Este fundamento teórico inexcusable para entender la paradoja de la luz de las palabras tiene unas inequívocas señas de identidad unamunianas. Martín Gaite, al igual que don Miguel, cree en la mayor autenticidad de la palabra frente a la letra. «En principio fue la Palabra, el Verbo, el Logos, y no la Letra, el Gramma», sentenció en De esto y aquello Miguel de Unamuno, resumiendo reflexiones que puntean todo su quehacer ensayístico, especialmente en La agonía del cristianismo (1931), donde escribe: «El espíritu, que es palabra, que es verbo, que es tradición oral, vivifica; pero la letra, que es libro, mata. Aunque en el Apocalipsis se le mande a uno comerse un libro. El que se come un libro, muere indefectiblemente. En cambio, el alma respira con palabras» (Unamuno, 1966-1968, tomo VII, p. 318).
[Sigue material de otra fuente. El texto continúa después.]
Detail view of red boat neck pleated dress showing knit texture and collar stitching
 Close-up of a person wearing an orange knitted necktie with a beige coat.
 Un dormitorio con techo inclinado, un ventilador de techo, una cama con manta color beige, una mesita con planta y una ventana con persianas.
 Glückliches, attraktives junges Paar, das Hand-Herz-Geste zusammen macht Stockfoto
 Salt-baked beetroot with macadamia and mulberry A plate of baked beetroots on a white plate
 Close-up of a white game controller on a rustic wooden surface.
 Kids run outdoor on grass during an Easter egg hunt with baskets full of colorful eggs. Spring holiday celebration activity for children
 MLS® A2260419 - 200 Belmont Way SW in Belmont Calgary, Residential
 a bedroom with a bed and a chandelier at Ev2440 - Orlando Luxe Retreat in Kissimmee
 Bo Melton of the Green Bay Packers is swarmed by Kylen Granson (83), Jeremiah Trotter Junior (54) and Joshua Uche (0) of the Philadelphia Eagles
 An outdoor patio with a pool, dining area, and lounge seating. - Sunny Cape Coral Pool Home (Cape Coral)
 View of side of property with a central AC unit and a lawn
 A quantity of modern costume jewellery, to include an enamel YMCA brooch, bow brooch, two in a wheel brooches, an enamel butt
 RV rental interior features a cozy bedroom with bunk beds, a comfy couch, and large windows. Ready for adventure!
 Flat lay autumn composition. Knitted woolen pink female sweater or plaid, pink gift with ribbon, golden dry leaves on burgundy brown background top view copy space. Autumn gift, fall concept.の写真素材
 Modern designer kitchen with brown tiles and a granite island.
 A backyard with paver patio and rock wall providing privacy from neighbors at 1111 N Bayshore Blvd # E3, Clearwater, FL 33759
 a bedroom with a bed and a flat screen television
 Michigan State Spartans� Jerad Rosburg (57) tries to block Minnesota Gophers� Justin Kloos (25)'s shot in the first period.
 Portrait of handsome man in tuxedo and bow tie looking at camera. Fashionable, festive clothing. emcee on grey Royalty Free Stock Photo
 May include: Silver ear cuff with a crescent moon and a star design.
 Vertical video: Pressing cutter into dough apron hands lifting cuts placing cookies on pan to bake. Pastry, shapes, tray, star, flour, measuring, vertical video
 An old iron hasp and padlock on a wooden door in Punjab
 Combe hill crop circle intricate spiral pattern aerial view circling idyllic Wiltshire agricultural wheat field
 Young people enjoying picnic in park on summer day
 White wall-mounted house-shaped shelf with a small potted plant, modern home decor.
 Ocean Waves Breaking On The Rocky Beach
Más en el plano de lo humano, tanto Unamuno como Martín Gaite depositan mayor confianza en lo imperfecto de la palabra, por vital y no estática que en la letra fijada y definida. Como la vida es cambio, posibilidad e incluso contradicción, la palabra y la conversación son no solo los cauces más sinceros, naturales y espontáneos, sino los que, en verdad, vale la pena recorrer como sostienen varias veces los interlocutores de Retahílas. Unamuno (1966-1968, tomo I, p. 1140) descree de la lengua literaria y aborrece a los hombres que hablan como libros y ama los libros que hablan como hombres, afirmando que: «Sin duda es la palabra más perfecta que la escritura por ser menos material, porque las vibraciones del aire se disipan y se pierden, mientras quedan los trazos de tinta». Martín Gaite, en defensa del relato que se construye conversacionalmente, única fórmula que la acerca al relato oral, y en la estirpe de los erasmistas y de la mejor Ilustración española (¡tan bien conocida por la novelista!), llega a dictaminar en un capitulillo significativamente titulado «Lo inefable» de El cuento de nunca acabar que «olvidarse de la literatura es vehículo para escribir la mejor literatura» (Martín Gaite, 1984, 4, p. 339).